◆ Data section ◆
********

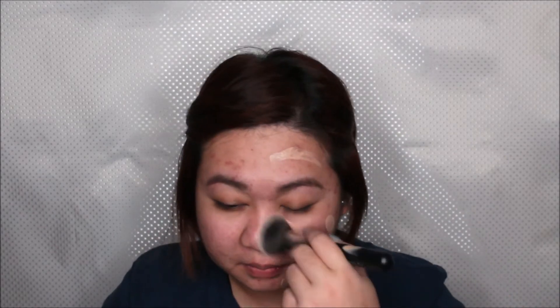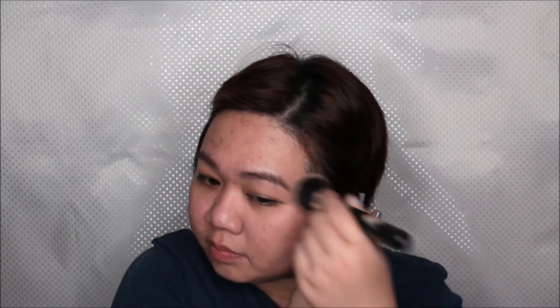I am using a flat top synthetic brush to buff this in. For my first layer, I like buffing the foundation in because it makes sure that you fill in all of your pores and makes the foundation stick to the skin.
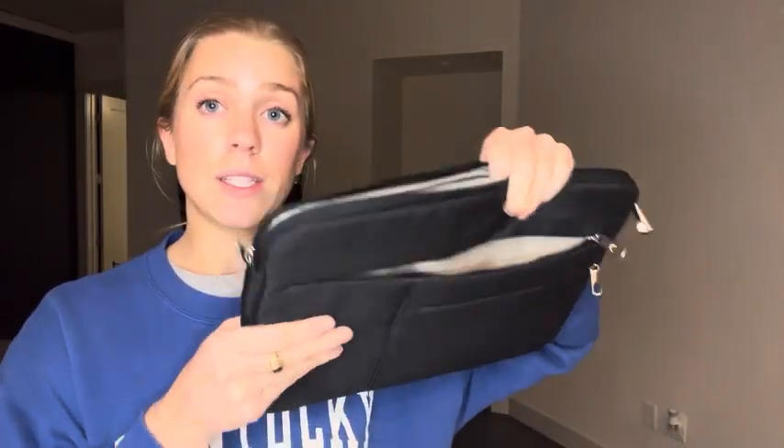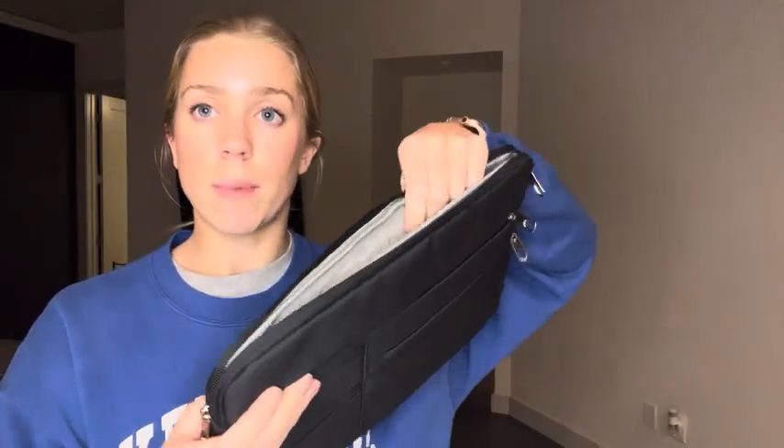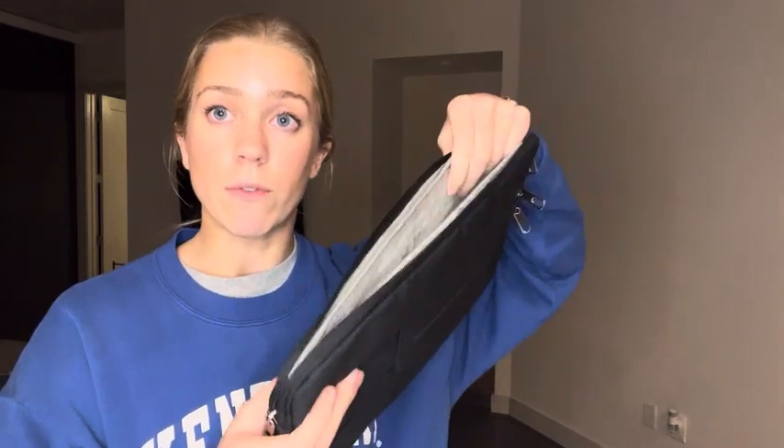It's soft on the inside, but it's not too thick that you feel like it's taking up way more space and you should just risk putting your laptop in your backpack. So it's nice and sleek and you can tell it's going to be very supportive and protective of your computer.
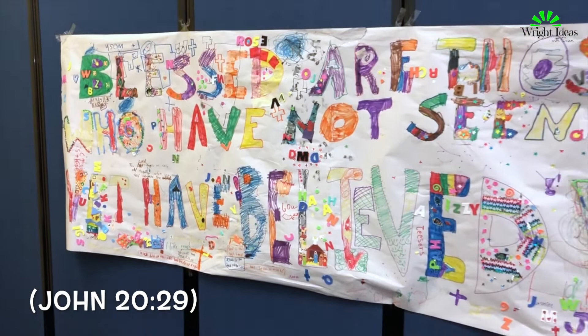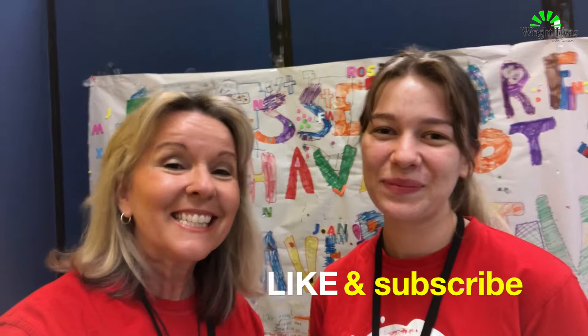Did you like that idea? If you did, give it a thumbs up and make sure you subscribe. If you'd like more memory verse ideas, go ahead and check out my memory verse playlist and you'll see some great things there. Thanks so much and we'll see you guys next time!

********

Give back the whole listing as it stands, minus its pictures.

I am using a flat top synthetic brush to buff this in. For my first layer, I like buffing the foundation in because it makes sure that you fill in all of your pores and makes the foundation stick to the skin.
It's soft on the inside, but it's not too thick that you feel like it's taking up way more space and you should just risk putting your laptop in your backpack. So it's nice and sleek and you can tell it's going to be very supportive and protective of your computer.
Did you like that idea? If you did, give it a thumbs up and make sure you subscribe. If you'd like more memory verse ideas, go ahead and check out my memory verse playlist and you'll see some great things there. Thanks so much and we'll see you guys next time!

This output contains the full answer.